## ASSIGNMENT
Each line of the entries, from the first to the line containing "Ostatnie 40 kilometrów", is to be transcribed exactly as it stands; include no other lines.

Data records
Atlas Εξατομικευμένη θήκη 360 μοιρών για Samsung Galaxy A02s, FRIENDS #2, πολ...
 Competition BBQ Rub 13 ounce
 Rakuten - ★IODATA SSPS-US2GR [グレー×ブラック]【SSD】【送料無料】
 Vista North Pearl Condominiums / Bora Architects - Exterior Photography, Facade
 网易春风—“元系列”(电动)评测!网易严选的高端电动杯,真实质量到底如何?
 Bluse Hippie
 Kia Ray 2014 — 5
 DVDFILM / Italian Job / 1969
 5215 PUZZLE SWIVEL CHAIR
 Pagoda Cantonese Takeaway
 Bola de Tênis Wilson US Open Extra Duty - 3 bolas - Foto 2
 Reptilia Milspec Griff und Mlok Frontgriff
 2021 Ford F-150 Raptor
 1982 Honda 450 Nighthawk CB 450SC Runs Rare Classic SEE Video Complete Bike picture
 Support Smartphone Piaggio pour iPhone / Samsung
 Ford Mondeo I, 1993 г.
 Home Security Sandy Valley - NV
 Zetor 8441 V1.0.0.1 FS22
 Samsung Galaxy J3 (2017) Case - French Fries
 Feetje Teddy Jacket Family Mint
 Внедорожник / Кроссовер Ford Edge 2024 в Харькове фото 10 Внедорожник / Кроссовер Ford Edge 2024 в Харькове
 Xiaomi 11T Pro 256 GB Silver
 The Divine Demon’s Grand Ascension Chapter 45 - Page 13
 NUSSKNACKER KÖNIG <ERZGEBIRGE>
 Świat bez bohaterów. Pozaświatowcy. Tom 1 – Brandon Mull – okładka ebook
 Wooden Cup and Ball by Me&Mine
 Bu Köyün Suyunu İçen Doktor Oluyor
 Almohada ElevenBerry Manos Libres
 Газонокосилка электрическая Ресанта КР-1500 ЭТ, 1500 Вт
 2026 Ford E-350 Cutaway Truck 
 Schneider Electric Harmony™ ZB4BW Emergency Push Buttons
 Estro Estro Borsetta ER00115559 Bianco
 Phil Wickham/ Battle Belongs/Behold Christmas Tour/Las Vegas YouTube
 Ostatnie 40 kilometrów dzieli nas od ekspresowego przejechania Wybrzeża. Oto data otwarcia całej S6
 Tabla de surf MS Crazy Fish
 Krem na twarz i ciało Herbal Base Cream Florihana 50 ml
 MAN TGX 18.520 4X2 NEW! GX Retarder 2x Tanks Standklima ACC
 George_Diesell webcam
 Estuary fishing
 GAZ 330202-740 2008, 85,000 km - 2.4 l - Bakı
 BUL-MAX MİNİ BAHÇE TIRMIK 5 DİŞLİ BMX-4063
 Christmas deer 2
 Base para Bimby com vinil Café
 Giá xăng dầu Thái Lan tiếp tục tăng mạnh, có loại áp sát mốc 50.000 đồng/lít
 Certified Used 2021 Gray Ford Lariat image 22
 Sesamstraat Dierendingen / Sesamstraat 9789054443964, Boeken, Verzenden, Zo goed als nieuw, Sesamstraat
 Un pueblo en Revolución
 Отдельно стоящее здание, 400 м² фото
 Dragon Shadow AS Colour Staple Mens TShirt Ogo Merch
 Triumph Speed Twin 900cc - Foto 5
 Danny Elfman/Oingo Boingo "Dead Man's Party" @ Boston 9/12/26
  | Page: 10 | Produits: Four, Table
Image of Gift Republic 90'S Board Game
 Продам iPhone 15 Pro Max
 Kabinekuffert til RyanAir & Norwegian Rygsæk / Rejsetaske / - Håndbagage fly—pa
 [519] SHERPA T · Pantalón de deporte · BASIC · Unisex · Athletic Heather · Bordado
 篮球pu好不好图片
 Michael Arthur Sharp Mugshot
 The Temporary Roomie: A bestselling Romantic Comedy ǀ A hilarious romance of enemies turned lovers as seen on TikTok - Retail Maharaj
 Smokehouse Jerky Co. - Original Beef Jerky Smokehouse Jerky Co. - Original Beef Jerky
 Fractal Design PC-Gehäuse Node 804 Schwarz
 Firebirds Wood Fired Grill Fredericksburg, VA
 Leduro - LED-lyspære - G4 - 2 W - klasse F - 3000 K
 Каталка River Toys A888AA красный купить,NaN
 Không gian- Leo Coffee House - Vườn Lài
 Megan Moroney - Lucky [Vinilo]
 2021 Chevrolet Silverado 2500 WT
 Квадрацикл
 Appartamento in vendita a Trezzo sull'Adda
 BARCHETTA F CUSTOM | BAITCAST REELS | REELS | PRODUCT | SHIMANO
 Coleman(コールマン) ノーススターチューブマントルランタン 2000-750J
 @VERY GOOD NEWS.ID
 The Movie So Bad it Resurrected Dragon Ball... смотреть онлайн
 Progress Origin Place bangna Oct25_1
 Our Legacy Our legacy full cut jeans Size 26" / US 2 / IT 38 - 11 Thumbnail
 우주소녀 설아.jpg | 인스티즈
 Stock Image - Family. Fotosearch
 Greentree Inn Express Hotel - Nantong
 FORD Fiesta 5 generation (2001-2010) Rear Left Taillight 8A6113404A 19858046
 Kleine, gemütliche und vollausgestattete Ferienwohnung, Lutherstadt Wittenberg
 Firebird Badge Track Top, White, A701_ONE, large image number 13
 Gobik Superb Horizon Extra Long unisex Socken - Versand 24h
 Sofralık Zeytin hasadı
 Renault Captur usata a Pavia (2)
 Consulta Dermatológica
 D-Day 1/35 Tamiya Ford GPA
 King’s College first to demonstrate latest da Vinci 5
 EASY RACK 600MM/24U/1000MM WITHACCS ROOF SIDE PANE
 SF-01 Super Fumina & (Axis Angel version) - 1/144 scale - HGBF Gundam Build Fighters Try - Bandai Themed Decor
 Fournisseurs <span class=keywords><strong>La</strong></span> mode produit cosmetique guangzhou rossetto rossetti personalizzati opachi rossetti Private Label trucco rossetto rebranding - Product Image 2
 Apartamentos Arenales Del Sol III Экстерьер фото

## RESULT FOR THIS TASK
Atlas Εξατομικευμένη θήκη 360 μοιρών για Samsung Galaxy A02s, FRIENDS #2, πολ...
 Competition BBQ Rub 13 ounce
 Rakuten - ★IODATA SSPS-US2GR [グレー×ブラック]【SSD】【送料無料】
 Vista North Pearl Condominiums / Bora Architects - Exterior Photography, Facade
 网易春风—“元系列”(电动)评测!网易严选的高端电动杯,真实质量到底如何?
 Bluse Hippie
 Kia Ray 2014 — 5
 DVDFILM / Italian Job / 1969
 5215 PUZZLE SWIVEL CHAIR
 Pagoda Cantonese Takeaway
 Bola de Tênis Wilson US Open Extra Duty - 3 bolas - Foto 2
 Reptilia Milspec Griff und Mlok Frontgriff
 2021 Ford F-150 Raptor
 1982 Honda 450 Nighthawk CB 450SC Runs Rare Classic SEE Video Complete Bike picture
 Support Smartphone Piaggio pour iPhone / Samsung
 Ford Mondeo I, 1993 г.
 Home Security Sandy Valley - NV
 Zetor 8441 V1.0.0.1 FS22
 Samsung Galaxy J3 (2017) Case - French Fries
 Feetje Teddy Jacket Family Mint
 Внедорожник / Кроссовер Ford Edge 2024 в Харькове фото 10 Внедорожник / Кроссовер Ford Edge 2024 в Харькове
 Xiaomi 11T Pro 256 GB Silver
 The Divine Demon’s Grand Ascension Chapter 45 - Page 13
 NUSSKNACKER KÖNIG <ERZGEBIRGE>
 Świat bez bohaterów. Pozaświatowcy. Tom 1 – Brandon Mull – okładka ebook
 Wooden Cup and Ball by Me&Mine
 Bu Köyün Suyunu İçen Doktor Oluyor
 Almohada ElevenBerry Manos Libres
 Газонокосилка электрическая Ресанта КР-1500 ЭТ, 1500 Вт
 2026 Ford E-350 Cutaway Truck 
 Schneider Electric Harmony™ ZB4BW Emergency Push Buttons
 Estro Estro Borsetta ER00115559 Bianco
 Phil Wickham/ Battle Belongs/Behold Christmas Tour/Las Vegas YouTube
 Ostatnie 40 kilometrów dzieli nas od ekspresowego przejechania Wybrzeża. Oto data otwarcia całej S6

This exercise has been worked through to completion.